[[ Provided entries open ]]

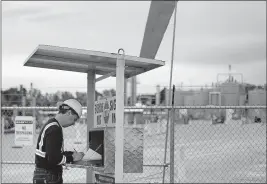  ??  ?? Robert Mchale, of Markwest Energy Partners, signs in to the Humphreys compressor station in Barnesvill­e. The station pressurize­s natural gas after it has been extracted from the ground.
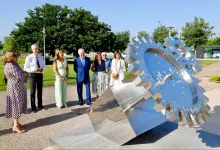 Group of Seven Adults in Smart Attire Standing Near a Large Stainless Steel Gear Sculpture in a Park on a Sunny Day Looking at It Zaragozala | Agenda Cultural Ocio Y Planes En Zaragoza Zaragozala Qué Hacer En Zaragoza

[[ Provided entries closed ]]
[[ Provided entries open ]]

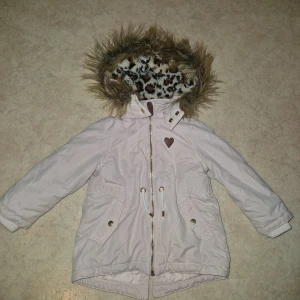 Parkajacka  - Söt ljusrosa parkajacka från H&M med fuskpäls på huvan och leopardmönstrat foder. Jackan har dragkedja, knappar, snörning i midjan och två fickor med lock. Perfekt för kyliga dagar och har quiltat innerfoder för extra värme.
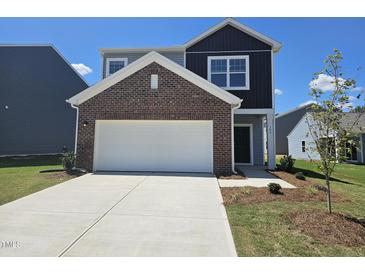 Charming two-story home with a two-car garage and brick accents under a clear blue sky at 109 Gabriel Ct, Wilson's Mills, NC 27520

[[ Provided entries closed ]]

Task to carry out:
Extract, without any images, the part of the material above that opens with the line containing "för extra värme." and closes with the line containing "Charming two-story home", both lines included.

Response:
 Parkajacka  - Söt ljusrosa parkajacka från H&M med fuskpäls på huvan och leopardmönstrat foder. Jackan har dragkedja, knappar, snörning i midjan och två fickor med lock. Perfekt för kyliga dagar och har quiltat innerfoder för extra värme.
 Charming two-story home with a two-car garage and brick accents under a clear blue sky at 109 Gabriel Ct, Wilson's Mills, NC 27520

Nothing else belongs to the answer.